Epistolographic Communication and Political Rhetoric - The Dynamics of Ars dictaminis in Comparative Perspective (XIth-XVth)
Benoît GRÉVIN
Ars dictaminis (literally: the art of composing) is the name of a new discipline that was invented during the High Middle Ages in Italy, primarily in order to provide clearer rhetorical rules for the composition of private and official Latin letters. The discipline expanded at a quick pace throughout Europe during the twelfth and thirteenth centuries, and became fashionable among ecclesiastical and royal chanceries. Its eventual decline was caused by changes in taste (humanist Latin) and the growing use of vernacular languages in written political communication during the late Middle Ages. At its apogee, ars dictaminis offered a vast range of textual tools to redact every kind of correspondence, ranging from pure theoretical treatises (the artes dictandi) to a vast array of theoretical-practical or purely practical collections of fictional or real letters (the summae dictaminis). Historical and philological research has long focused on the theoretical rules from a literary perspective. Nowadays, it tends to examine the combined impact of these rules and the pragmatic use of letter collections in order to determine the extent to which this art of writing was conditioned by formulaic patterns. Research on rhythmical and metaphorical patterns is particularly crucial for the identification of such a half-formulaic culture, whose reconstruction could change our view of the emergence of pre-modern political and administrative writing.

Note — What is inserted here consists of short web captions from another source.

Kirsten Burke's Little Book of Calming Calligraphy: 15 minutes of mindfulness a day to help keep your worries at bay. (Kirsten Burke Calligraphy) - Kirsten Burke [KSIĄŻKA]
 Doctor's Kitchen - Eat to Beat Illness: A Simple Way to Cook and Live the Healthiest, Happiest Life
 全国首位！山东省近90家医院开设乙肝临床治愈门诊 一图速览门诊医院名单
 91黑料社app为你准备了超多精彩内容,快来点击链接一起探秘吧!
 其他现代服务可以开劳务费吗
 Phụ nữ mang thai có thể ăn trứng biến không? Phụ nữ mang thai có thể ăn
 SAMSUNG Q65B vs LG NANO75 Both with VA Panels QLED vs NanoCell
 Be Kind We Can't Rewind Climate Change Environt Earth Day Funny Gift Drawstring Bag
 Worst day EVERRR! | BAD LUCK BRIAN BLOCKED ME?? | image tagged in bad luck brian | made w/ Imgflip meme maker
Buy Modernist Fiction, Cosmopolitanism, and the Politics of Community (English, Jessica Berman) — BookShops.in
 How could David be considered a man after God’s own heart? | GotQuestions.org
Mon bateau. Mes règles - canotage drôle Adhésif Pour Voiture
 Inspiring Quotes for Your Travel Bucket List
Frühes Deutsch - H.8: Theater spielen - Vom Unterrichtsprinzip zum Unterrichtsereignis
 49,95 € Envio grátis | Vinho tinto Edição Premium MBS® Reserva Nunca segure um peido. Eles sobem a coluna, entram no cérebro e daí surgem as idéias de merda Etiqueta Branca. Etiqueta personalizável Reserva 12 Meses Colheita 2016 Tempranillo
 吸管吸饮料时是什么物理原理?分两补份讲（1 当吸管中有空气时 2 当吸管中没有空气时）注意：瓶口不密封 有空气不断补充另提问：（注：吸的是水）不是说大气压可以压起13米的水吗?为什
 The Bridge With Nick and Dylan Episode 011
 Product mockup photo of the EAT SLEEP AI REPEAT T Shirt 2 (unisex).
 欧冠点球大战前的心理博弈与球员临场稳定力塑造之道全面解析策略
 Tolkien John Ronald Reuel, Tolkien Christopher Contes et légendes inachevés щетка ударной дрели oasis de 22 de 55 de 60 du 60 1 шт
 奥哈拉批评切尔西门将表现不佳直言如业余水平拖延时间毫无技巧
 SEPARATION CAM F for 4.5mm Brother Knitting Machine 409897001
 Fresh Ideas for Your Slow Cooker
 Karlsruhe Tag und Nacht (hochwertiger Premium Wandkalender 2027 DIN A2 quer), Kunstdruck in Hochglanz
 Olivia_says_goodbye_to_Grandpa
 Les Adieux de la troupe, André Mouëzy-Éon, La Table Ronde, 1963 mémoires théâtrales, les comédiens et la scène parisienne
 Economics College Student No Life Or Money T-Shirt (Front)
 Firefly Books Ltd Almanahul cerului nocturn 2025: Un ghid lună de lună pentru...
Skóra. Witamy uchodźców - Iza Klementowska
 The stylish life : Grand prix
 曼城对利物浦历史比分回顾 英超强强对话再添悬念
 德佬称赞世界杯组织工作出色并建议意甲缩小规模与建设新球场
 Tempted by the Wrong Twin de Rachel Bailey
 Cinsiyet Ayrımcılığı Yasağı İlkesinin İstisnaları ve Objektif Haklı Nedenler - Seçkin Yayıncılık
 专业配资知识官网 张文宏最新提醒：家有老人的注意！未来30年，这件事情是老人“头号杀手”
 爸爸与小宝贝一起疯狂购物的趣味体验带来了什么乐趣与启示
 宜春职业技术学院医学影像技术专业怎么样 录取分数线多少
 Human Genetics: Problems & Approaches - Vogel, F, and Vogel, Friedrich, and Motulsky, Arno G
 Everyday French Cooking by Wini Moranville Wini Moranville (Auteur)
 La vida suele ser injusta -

Is it possible to envision the ars dictaminis in a comparative perspective? Timid attempts have been made so far in Islamic studies (‘ilm al-inšā). The importance of letter-collections and letter-treatises in the Chinese textual tradition (shuyi 書儀) suggests that a Latin-Chinese comparative history based on structural formulas (e.g. rhythm) as well as typological criteria (the classification of collections according to genre, public/personal characteristics, etc.) might be possible provided that some methodological precautions are taken. Scholars will probably face similar problems in the two fields including the vast amount of sources at our disposal and the difficulty of establishing clear rules in order to study letter-models (or letters considered as models) and their reuse in regular and irregular political communication at the same time.